Killingsworth Family
Owner: Lonnie Killingsworth, Walnut Grove.
Started by: James Killingsworth, 3rd great grandfather son
Acres: 40
Founded: 1839    

Around 1838, four families of Killingsworth's came to Missouri from Knox County, Tennessee. William Killingsworth and his wife, Matilda McClure Killingsworth, settled in Boone Township Greene County. William's oldest son James, acquired the present 40 acres of land on July 6, 1839, for $49.20 from the government. William and his sons by 1876 owned 680 acres. Today, 180 acres of that remains with one of six families that are descended from William Killingsworth.

Williamson Heritage Farm & Apiary    
Owned by Laura Lee Nickle, Springfield
Started by: John Gately, Great-great-great-great-grandfather
Acres: 40
Founded in: 1859    

This farm is located near Chrystal Cave. The original land grant – which the family still has in its possession -- was signed by President James Buchanan. "It probably made my ancestors proud to pass this treasure on to future generations. It makes me proud to have received it. It's my job to be the link in the chain that has tended this price of Earth that provides so much for my community — beef, milk, berries, honey, and trees. That is very humbling," said Laura.

Carr Stock Farm
Owned by Wanda & Charles Bumgarner, Springfield
Started by: Charles W. and Sylvia E. Carr
Acres: 220
Founded in 1920

Six generations of the Carr family have lived on and farmed 220 acres in Greene County north of Springfield. Initially founded as a stock farm where 1,000 to 2,000 hogs were raised and sold annually during the 1930s, Carr Stock Farm now focuses on raising Angus cattle and hay production. The Angus herd originated in the 1950s as a result of Wilma Jean Carr's 4-H beef project. 

John & David O'Dell Farm
Owned by John O'Dell and David O'Dell, Fair Grove    
Started by: Guston O'Dell, grandfather
Acres: 201
Founded in 1920

Their grandfather moved here from Tazwell, Tenn., the foothills of the Cumberland mountains. Growing up, David and John helped their grandpa on the farm. They recently told me that it was their father's wish and theirs for this farm to become a century farm.
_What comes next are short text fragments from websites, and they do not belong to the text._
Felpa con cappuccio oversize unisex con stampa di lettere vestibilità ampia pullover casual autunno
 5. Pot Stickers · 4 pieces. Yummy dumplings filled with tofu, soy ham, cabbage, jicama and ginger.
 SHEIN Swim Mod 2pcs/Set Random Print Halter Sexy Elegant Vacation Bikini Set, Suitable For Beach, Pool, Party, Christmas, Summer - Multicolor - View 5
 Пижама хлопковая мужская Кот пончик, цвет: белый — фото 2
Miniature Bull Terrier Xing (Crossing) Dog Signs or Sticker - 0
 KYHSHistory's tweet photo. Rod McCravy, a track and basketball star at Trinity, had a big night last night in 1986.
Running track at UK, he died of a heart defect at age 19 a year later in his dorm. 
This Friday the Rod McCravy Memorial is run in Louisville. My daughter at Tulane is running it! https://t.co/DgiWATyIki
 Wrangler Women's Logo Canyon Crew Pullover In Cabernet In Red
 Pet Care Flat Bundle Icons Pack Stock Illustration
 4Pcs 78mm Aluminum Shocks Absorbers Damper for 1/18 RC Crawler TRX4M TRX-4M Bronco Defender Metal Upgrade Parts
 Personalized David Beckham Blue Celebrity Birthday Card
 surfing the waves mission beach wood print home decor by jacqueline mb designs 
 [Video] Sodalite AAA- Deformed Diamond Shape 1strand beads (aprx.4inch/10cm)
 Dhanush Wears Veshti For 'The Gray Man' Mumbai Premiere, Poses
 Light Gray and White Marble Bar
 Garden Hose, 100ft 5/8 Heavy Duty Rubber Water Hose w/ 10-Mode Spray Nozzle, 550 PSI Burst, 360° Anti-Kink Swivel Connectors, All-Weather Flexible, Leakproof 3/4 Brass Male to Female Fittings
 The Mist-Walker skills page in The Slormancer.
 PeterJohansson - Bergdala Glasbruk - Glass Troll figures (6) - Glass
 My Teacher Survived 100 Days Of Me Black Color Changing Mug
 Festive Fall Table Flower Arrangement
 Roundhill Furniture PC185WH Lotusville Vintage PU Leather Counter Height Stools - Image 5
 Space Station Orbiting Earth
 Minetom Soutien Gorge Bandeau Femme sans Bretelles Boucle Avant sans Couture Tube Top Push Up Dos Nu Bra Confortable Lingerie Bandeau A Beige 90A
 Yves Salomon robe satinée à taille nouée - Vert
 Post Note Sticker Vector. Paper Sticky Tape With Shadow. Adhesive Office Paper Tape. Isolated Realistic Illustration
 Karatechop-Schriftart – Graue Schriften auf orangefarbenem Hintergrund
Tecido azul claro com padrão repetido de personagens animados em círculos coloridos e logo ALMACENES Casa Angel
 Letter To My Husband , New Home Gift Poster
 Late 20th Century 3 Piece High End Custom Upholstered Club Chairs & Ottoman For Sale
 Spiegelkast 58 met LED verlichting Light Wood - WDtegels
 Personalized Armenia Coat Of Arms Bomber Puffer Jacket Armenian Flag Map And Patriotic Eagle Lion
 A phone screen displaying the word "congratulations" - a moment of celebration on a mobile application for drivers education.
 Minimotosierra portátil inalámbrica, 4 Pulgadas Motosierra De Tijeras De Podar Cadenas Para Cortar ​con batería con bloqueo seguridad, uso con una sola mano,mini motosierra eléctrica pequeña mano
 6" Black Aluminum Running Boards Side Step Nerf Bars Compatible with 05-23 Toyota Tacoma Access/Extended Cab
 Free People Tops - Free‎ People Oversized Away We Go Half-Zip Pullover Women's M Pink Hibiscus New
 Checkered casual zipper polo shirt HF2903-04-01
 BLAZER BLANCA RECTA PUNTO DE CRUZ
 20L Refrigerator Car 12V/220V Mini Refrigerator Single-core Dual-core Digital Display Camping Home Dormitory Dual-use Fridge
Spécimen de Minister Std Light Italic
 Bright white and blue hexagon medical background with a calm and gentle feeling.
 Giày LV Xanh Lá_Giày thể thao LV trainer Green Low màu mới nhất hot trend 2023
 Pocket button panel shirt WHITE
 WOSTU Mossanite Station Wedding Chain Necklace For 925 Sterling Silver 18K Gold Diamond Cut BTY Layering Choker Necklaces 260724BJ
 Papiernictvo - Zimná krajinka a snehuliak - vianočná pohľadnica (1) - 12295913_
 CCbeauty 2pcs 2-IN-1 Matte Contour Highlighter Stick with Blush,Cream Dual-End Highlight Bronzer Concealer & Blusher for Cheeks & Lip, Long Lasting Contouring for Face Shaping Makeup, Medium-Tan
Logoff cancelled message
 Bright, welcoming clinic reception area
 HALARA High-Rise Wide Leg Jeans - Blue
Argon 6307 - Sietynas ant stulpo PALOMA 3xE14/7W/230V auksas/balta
"Family farms have been among our most vital partners since the founding of MU Extension more than 100 years ago. The century farm program is one way we express our gratitude to those who have contributed so much to Missouri agriculture," said Burton.


In 1976, Missouri's Centennial Farm project awarded certificates to persons owning farms that had been in the same family for 100 years or more. 

The University of Missouri's College of Agriculture, Food and Natural Resources, and MU Extension planned a 10-year update in 1986 called the Century Farm program. 

Since then, the program has been an annual event. In 2008, the Missouri Farm Bureau became a program co-sponsor. 

Since Missouri began the Century Farm program in 1976, more than 8,800-century farms have been recognized during that time.

Statewide in 2021, MU Extension has recorded 231 new Century Farms in 81 counties.

"In Greene County, we can still boast of 130 recognized Century Farms that are still in the same family and active in our local agriculture economy," said Burton.


The Missouri Century Farm Program annually recognizes Missouri farms that are still productive and have been in the same family for 100 years or more. 

To qualify for the Missouri Century Farm designation, farms must have been family-owned for 100 years or more and have at least 40 acres of the original land still making a financial contribution to the farm income. The line of ownership from the original settler or buyer may be through children, grandchildren, siblings, and nephews or nieces, through marriage or adoption.